# External Door making sets



## istracpsboss (Sep 14, 2008)

Hi

I've been looking for a set for panelled external doors. All the ones I've seen advertised seem to be for a maximum 1 3/4" which is obviously somewhat flimsy for an external door, particularly when you consider that the tongues are only 1/2".
Has anyone seen any suitable for thicker doors ?

Cheers

Peter


----------



## RStaron (Sep 25, 2009)

Peter are your door subject to violent storms, hurricanes and such? Here in the USA 1-3/4" is the norm for external doors, 1-3/8" for interior doors. Wooden panel doors are very strong when made properly.Any larger would be custom and very expensive.


----------



## bobj3 (Jan 17, 2006)

Hi Peter

No big deal you can use the standard set on 2 1/2" thick stock and have a 1" wide tongue just by adding center cutter(s)/bearing(s), a longer arbor is required but that's not a big deal, I have one that's 4 1/2" long for the cutter stack up type assembly ..

2 pc 1/2" SH Entry Door Matched R&S Router Bit Set - eBay (item 130410034733 end time Jul-20-10 15:41:05 PDT)


I will say if you don't want use/make the longer arbors you can just use the standard one and just use part of the cutters at one time, that's to say do one edge and than flip it over and then the other edge and use the slot cutters last on the frame.. many way to cook that goose.. 

========



istracpsboss said:


> Hi
> 
> I've been looking for a set for panelled external doors. All the ones I've seen advertised seem to be for a maximum 1 3/4" which is obviously somewhat flimsy for an external door, particularly when you consider that the tongues are only 1/2".
> Has anyone seen any suitable for thicker doors ?
> ...


----------



## istracpsboss (Sep 14, 2008)

Thanks Bob.

The longer arbour and the bottom cutter often seemingly integral with the shank were the problem areas when I'd looked at it previously. My longest blank arbour isn't long enough and whilst I'd happily make up an arbour for metal milling, where the speeds are relatively low, I was less confident of making one for something spinning at at least 8,000rpm, particularly as I think the usual ones are hardened then cylindrically ground to size.
I'd noticed George's ones. I think his has that bottom cutter integral with the shank, so I'd need to cannibalise a second set for its top cutter, apart from finding a long enough shank.

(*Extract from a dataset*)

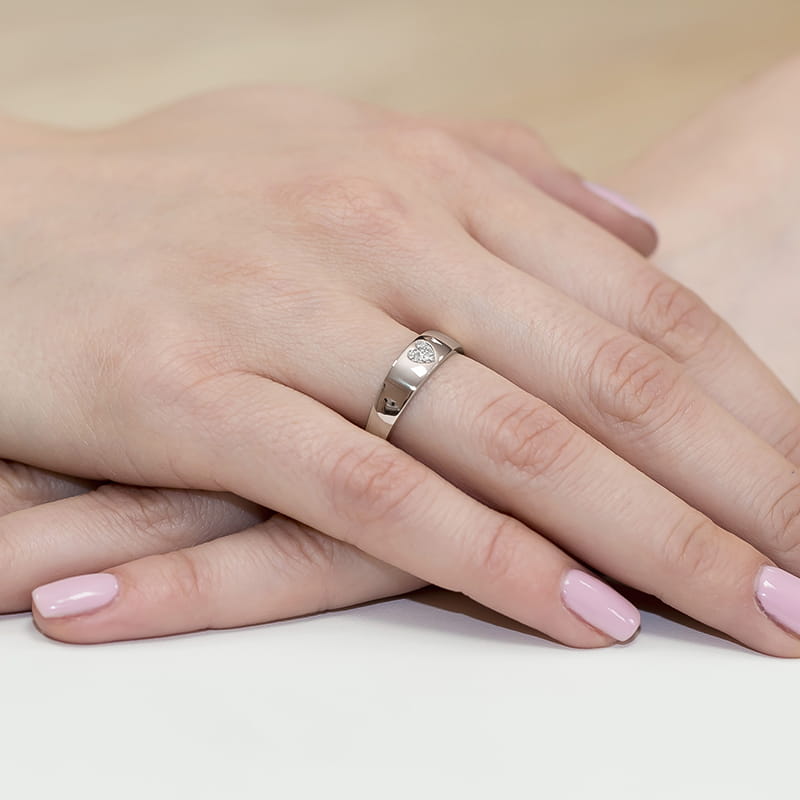 W0064.B3.DIW.01_4 Dwie ręce z delikatnym manicurem, jedna z nich nosi srebrny pierścionek z małym diamentem.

I take your point about doing it one side at a time.

Cheers

Peter


----------



## istracpsboss (Sep 14, 2008)

Hi Ron

1 3/4" for doors might be likely for a cheap housing development, but external doors here are normally much thicker. Modern ones are 3", but some older doors are 4".

Cheers


----------



## ccmnova (Nov 4, 2009)

That's really thick but sure would be a great door ! I made some interior doors at 1-3/8 inch thick and used two 3/4 inch boards laminated and then planed down. I could not find good 8/4 stock here anywhere. I was going to try a 1-3/4 inch exterior door and also laminate it. I did talk to a door manufacturer in Somerset Pa to see if I could buy some thick stock and they said that they always use laminated construction for exterior doors to prevent warping.


----------



## bobj3 (Jan 17, 2006)

Hi Peter


Do you close the door b/4 you pull the bridge up or after ? LOL

====




istracpsboss said:


> Hi Ron
> 
> 1 3/4" for doors might be likely for a cheap housing development, but external doors here are normally much thicker. Modern ones are 3", but some older doors are 4".
> 
> Cheers


----------



## istracpsboss (Sep 14, 2008)

Funnily enough, half the time they are left unlocked. It's just a quality thing 

Cheers

Peter


----------